Source material —
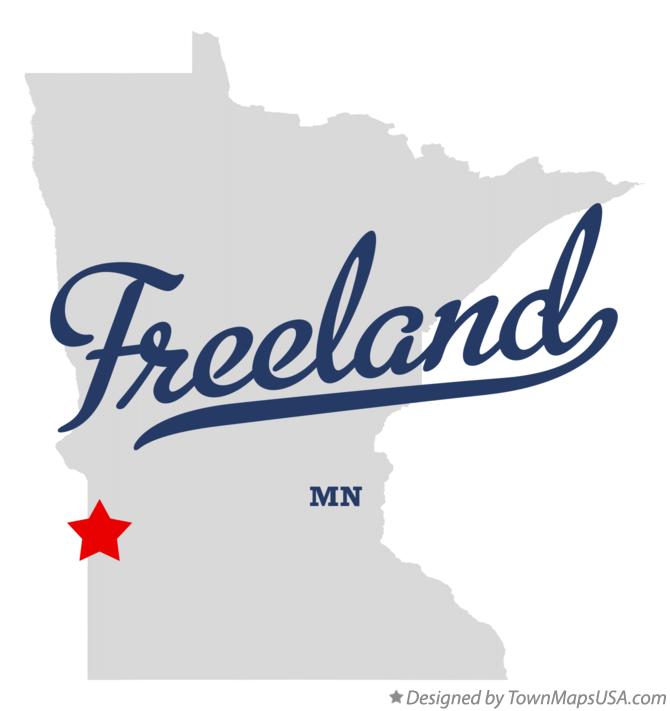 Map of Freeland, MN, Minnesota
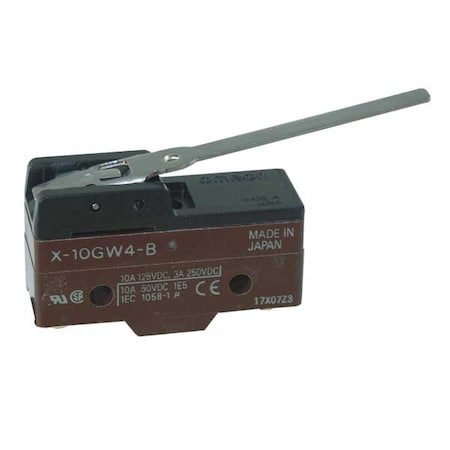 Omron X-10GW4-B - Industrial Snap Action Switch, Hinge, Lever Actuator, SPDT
--
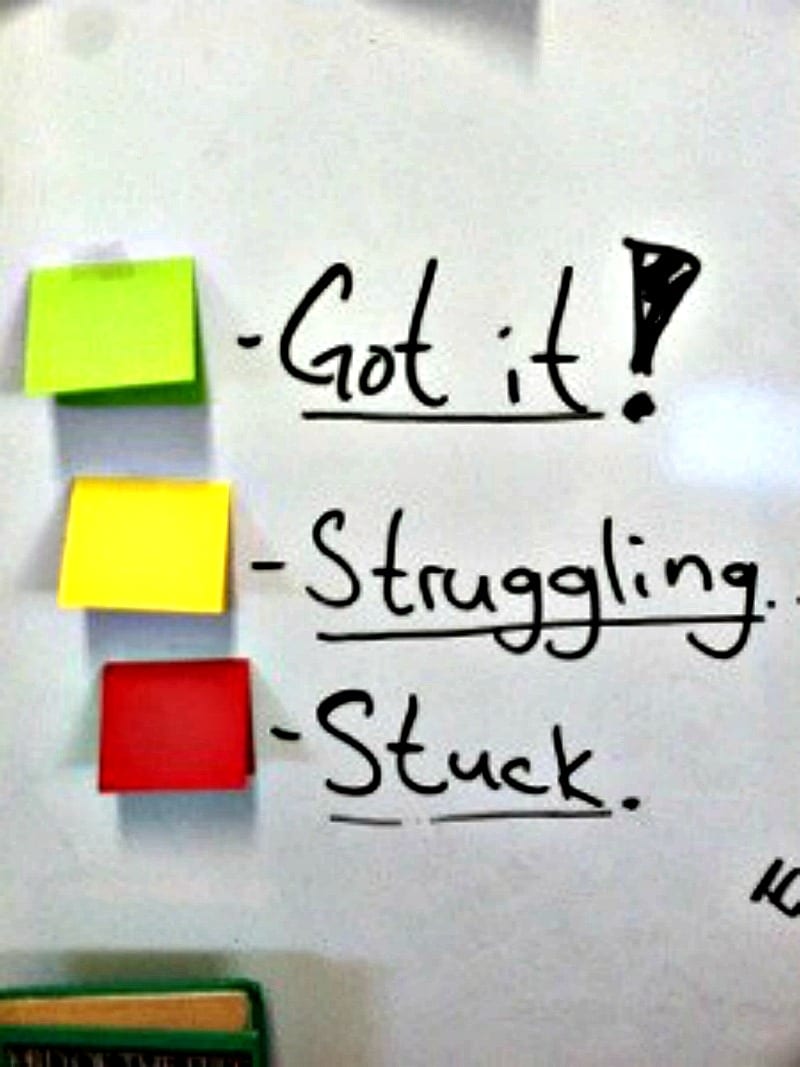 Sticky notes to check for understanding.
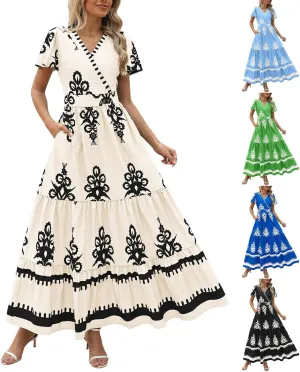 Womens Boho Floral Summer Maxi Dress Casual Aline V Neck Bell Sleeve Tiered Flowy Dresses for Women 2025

Required action —
Look above and copy only the lines from the one holding "Map of Freeland, MN, Minnesota" to the one holding "Omron X-10GW4-B - Industrial", both included, exactly, minus the pictures.

Solution below —
 Map of Freeland, MN, Minnesota
 Omron X-10GW4-B - Industrial Snap Action Switch, Hinge, Lever Actuator, SPDT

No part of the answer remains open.